In the case before the court, the facts asserted relate to the failure of the brokers and agents to secure certain coverage. There is no claim directed against the insurance companies issuing the policies. Thus, this case presents facts already several steps further removed from the contract of insurance between the company and the insured party than the cases above cited. Undertakings to procure insurance are even more tangential to the rights of parties who might seek future benefits from these contracts of insurance than claims directly against an insurance company. The court appreciates that the purpose of such insurance is to protect the owners and operators of establishments serving liquor to the public from claims by injured parties and that injured parties, such as William Ridgaway, Jr., are foreseeable beneficiaries of such policies. Nonetheless, without more than what is alleged in the complaint, the plaintiffs cannot be intended third-party beneficiaries of the brokers' and agents' efforts to procure such insurance when they would not have been third-party beneficiaries to the contract of insurance itself. The court concludes that the Estate of William Ridgaway, Jr. and his surviving parents are not intended third-party beneficiaries of the undertakings of the defendants to procure liquor insurance for Silk, LLC.
While the plaintiffs in their brief cite many cases in support of their claim of third-party beneficiary status, they rely in particular on a certain unreported case which, upon review, the court concludes is inapposite. In Cirrito v. Crawford, 2002 Ct. Sup. 16445, judicial district of New Haven at New Haven, No. CV01 0456052S (December 23, 2002, Zoarski, J.T.R.), for example, the issue concerned workers' compensation claims and an injured worker's suit about the improper handling of his claims. The worker also alleged that he was an intended third-party beneficiary to the insurance contract. And in contradistinction to the case before the court, the Cirrito plaintiff alleged that the insurer had accepted the claim and agreed to provide benefits. Under the Cirrito circumstances, the insurer would have an obligation to indemnify the employer and pay the claim. In addition, workers' compensation is a creature of statute, which provides a legislatively imposed framework for the payment of injuries occurring in the workplace. It is in derogation of the common law and removes from the worker any independent right to establish his claim. Such statutory rights do therefore, of necessity, result in creating a different status for the injured party and his relationship to the insurer than would those of parties dealing with private insurance, not to mention those tasked with the obligation of procuring such insurance. No facts have been alleged in the present complaint, which would make the reasoning of Cirrito applicable.

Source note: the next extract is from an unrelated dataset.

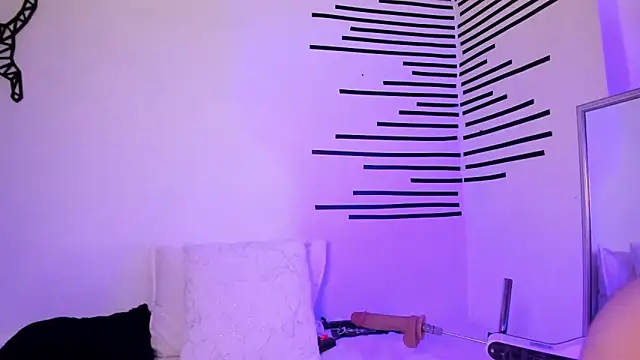 Snapshot of LindaCatalina_ chatting on 05-28-26, 12:57 LindaCatalina online show from 05-28-26, 12:57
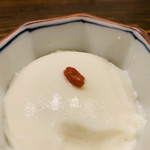 萬的中華 笑龍 - 杏仁豆腐。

C. Claims of Breach of Duty of Good Faith and Fair Dealing
While there is not yet any appellate guidance on whether or not a third party may allege breach of an implied covenant of good faith and fair dealing against another's insurer, other superior courts have held that third parties are not permitted to bring such a cause of action. See for example Weinberg v. Isom, Superior Court, judicial district of Stamford-Norwalk at Stamford, Docket No. 140152 (December 26, 1995, Lewis, J.). In order to allege such a claim, our courts have held that:
the implied duty of good faith and fair dealing is a covenant implied into a contract or a contractual relationship . . . The covenant of good faith and fair dealing presupposes that the terms and purpose of the contract are agreed upon by the parties and that what is in dispute is a party's discretionary application or interpretation of a contract term.
(Citations omitted; internal quotation marks omitted.) Hoskins v. Titan Value Equities Group, Inc., 252 Conn. 789, 793, 749 A.2d 1144 (2000).
Because the claims asserted in counts one, five, and nine respectively, do not rest on a direct contract relationship and because the court concludes a third-party beneficiary relationship has not been alleged, these counts do not state claims upon which relief may be granted. They are hereby stricken.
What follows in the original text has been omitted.